Pas nécessaire d'en faire autant!
    Notre alimentation d'aujourd'hui est d'une richesse invraisemblable. Pas un fruit, pas un légume de quelque lointain pays et qui soit de notre goût ne saurait manquer à notre table. Tout vient, tout parvient avec une facilité pour dire totale. Pourvu que ça dure, pourrions-nous dire! 
    Tandis qu'autrefois, que mangeait-on, à part le pain, les légumes de son jardin, les pommes de terre dès que celles-ci firent apparition dans notre haute combe dans la seconde moitié du XVIIIe siècle, et puis comme fruits, ceux que l'on pouvait aller acheter en plaine, pommes principalement, et surtout celles qui sont de bonne garde. 

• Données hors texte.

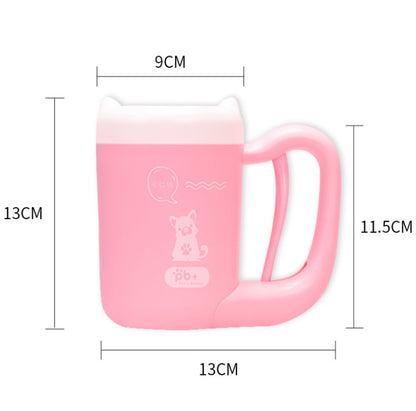 Pet Cat Dog Foot Clean Cup Cleaning Tool Silicone Pets Gym From House
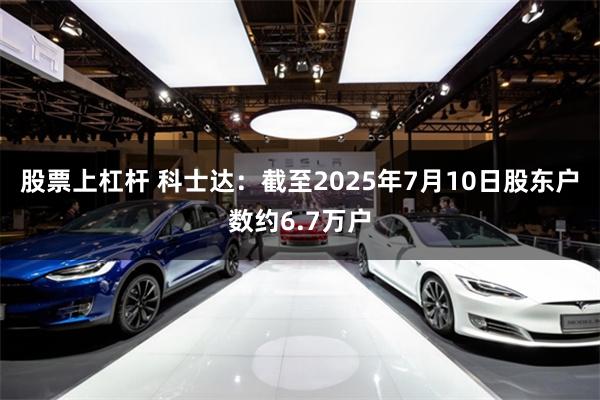 股票上杠杆 科士达：截至2025年7月10日股东户数约6.7万户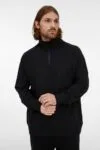 Толстовка унисекс S3, черная с логотипом СПб - фото № 1
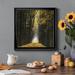 Millwood Pines Fall Kicks In - Picture Frame Photograph Print on Canvas Canvas, Solid Wood in Black/Gray/Green | 26.5 H x 26.5 W x 1.5 D in | Wayfair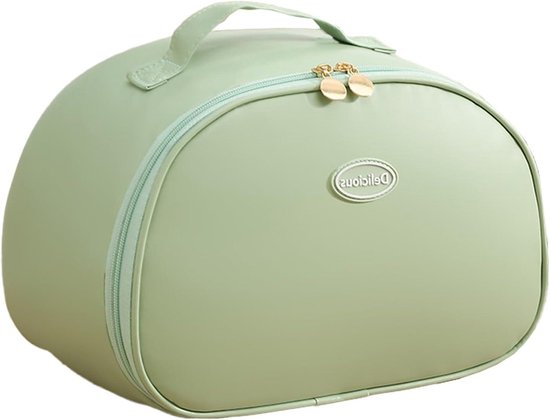 Isolerende Lunchtas - Leren Koeltas - Eten Warm Houden - Waterdichte Voering - 5 Liter - Groen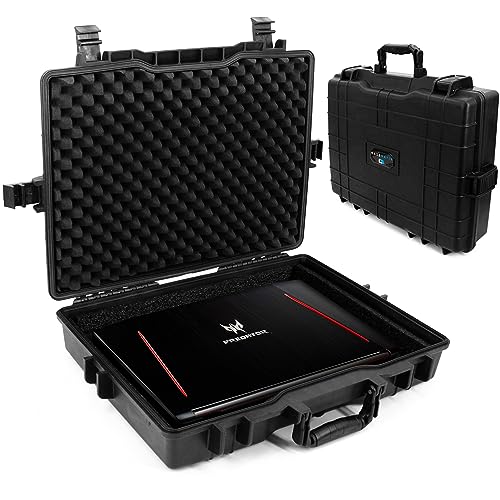 Waterproof Laptop Hard Case for 15-17 inch Gaming Laptops and Accessories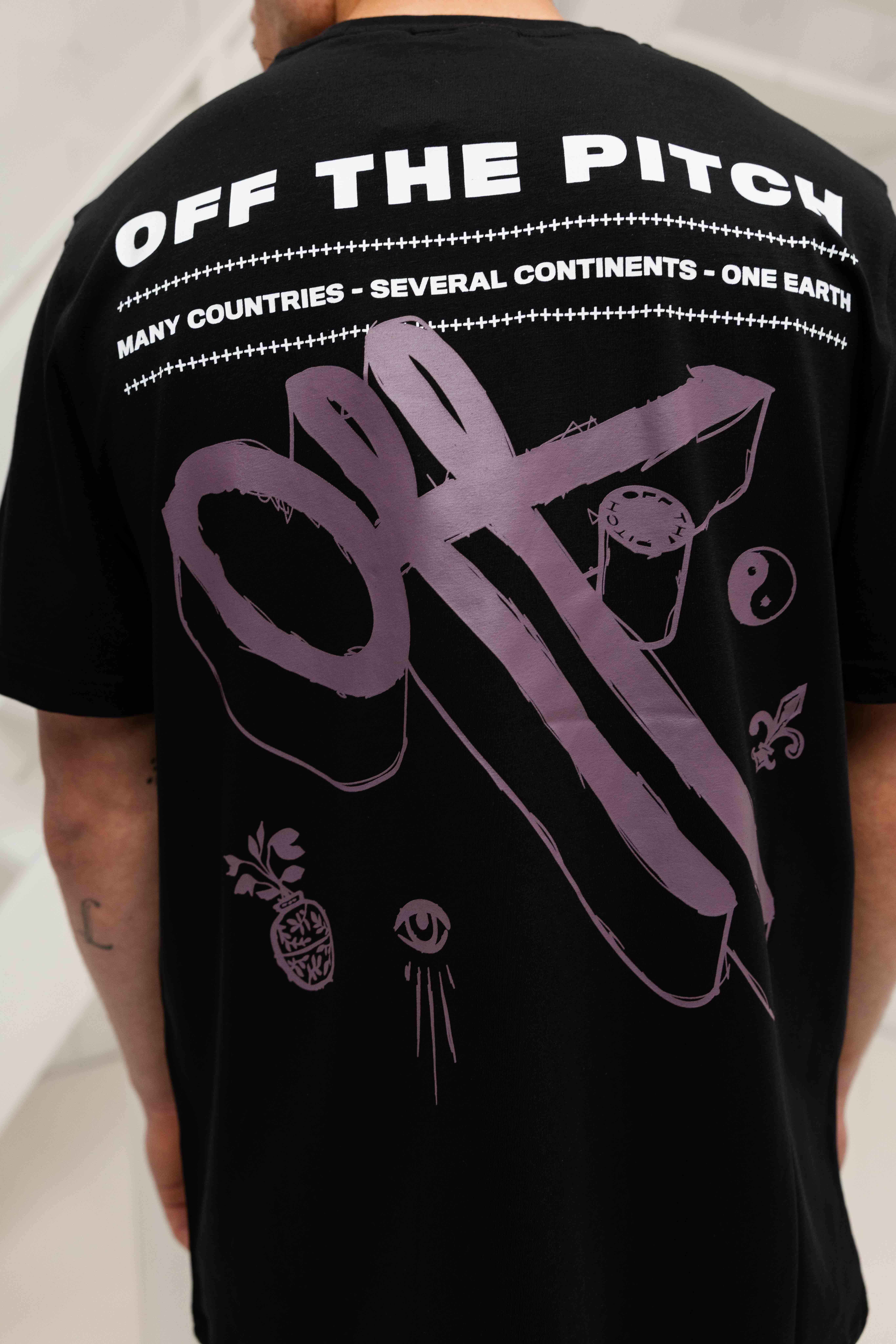 Off The Pitch Element T-Shirt Heren Zwart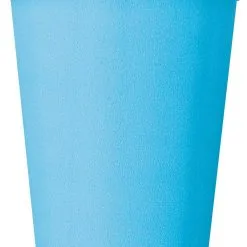 Unique Powder Blue Paper Cups 270ml 14 Pack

    Bien sûr, il faut rajouter les produits laitiers, la viande et le poisson, pour ceux qui avaient pris nos lacs pour terrain de jeu! et quelque gibier pour les familles dont l'un ou l'autre des membres  s'improvisait en nemrod.  
    Quant aux boissons, de la bonne eau de nos tonneaux, du vin très rarement, à l'occasion d'une fête, plutôt réservé en des temps anciens à ces abbés foncièrement dominateurs et égoïstes, petits seigneurs au milieu d'une population laborieuse.  Le thé et le café vinrent  plus tard. On peut imaginer pour le café une pénétration au début du XVIIIe siècle. Auguste Piguet relève qu'un moulin portait gravé en son flanc la date de 1711. 
    Bref, on était modeste et sage. Et ce n'est que par le jeu des échanges de plus en plus accrus que l'on en vint à diversifier notre alimentation. Désormais les produits se compteraient par dizaines. Cette évolution se lit dans les comptabilités de ménage du XIXe siècle où l'on peut déjà parler d'une alimentation moderne, riche et variée.